In the history of cinema, few killers have been as passive as Robert De Niro's Frank Sheeran. Oddly enough, it's completely credible and at the heart of what makes The Irishman so good. Seeing director Martin Scorsese team with Robert De Niro and Joe Pesci again, with the addition of Al Pacino, for a movie about gangsters, one might expect something like Goodfellas or Casino. In some ways it is--rhythm of the dialogue, the complexity of the characters. But while those other two films were analyses of the worlds of gangs and greed, The Irishman simply uses that world to tell another story. Scorsese couldn't really do otherwise in a world that now has The Sopranos. And the Irishman is a brilliant step in the evolution of the gangster film.
We meet Sheeran in a nursing home and he recounts his story apparently to thin air. The film was based on a non-fiction book called I Heard You Paint Houses consisting mainly of an interview with the real Sheeran. But the isolation of De Niro's Sheeran, the idea that he has to tell his story to an empty room, underlines his tragedy very well.
Working as a truck driver, the young Sheeran first meets Russell Bufalino (Pesci), a major figure in the Bufalino crime family. At that point, he's just a nice man who helps fix Frank's truck. Gradually, Frank falls into the sequence of reciprocal favours that makes him a hitman for the mob.

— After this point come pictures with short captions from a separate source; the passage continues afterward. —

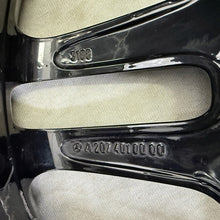 Laden Sie das Bild in den Galerie-Viewer, 1x Alufelge 18 Zoll 8.0" 5x112 45ET Glanz Silber A2074010000 Mercedes-Benz Mg FEL3449499008wb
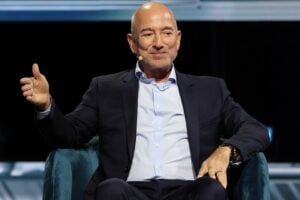 IA de Gestão reduz custos e desafia a média gerência: vale a pena apostar? - Imagem do artigo original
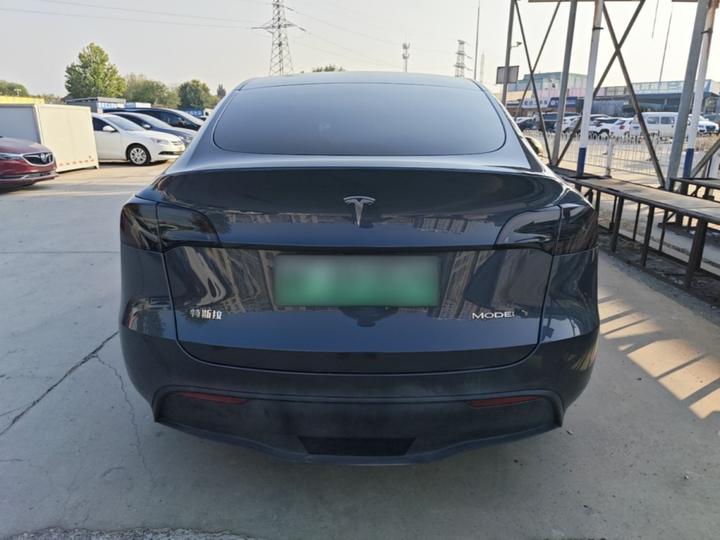 Model Y 2022 Facelift Long Range AWD photo 3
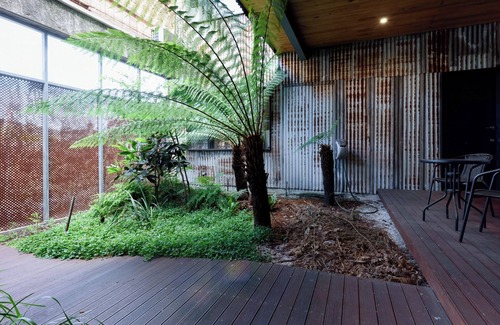 South Launceston Apartment | Bright Studio in Launceston CBD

A flashback to World War II shows how he first became comfortable with killing, ordering two prisoners to dig their own grave, in retrospect only wondering why the prisoners did it since they must have known what would happen. No remorse, no horror. From obeying the orders of the U.S. government he goes to obeying orders of his friends.
It's sweet watching the relationship between Frank and Russ but Frank grows even closer to the man he's assigned to protect, union leader Jimmy Hoffa (Al Pacino). Hoffa gradually starts to confide in him, they share hotel rooms, and their families get to know each other. But we all know what happened to Hoffa--well, we all don't know, exactly.
The break between Russ and Jimmy introduces the first real conflict in Frank's life. When he tries to explain himself to his daughter later he's reduced to helpless stutters, not simply because the subject deals with matter he can't reveal but because it deals with things he can't articulate, truths he'd followed instinctively all his life. He's not equipped to talk to people who don't feel the same way, which inevitably leads to isolation for this man for whom friendships are everything.
The much talked about de-aging in the film isn't perfect but it certainly does a good enough job. If I can accept Steven McQueen in The Blob, I can certainly accept Robert De Niro here. And these really were the best actors for the roles. With so many movies to-day where the dialogue is endlessly simple and explicit, it's refreshing to see a movie that knows how silences communicate. How we can watch, without anyone ever saying it, Frank informing Jimmy his life's in danger and Jimmy's reaction, showing just the right level of hubris to miss Frank's point about a basic sense of loyalty which Jimmy mistakenly sees as a system of blackmail. A lovely film and a lovely showcase for these actors.
The Irishman is available on NetFlix.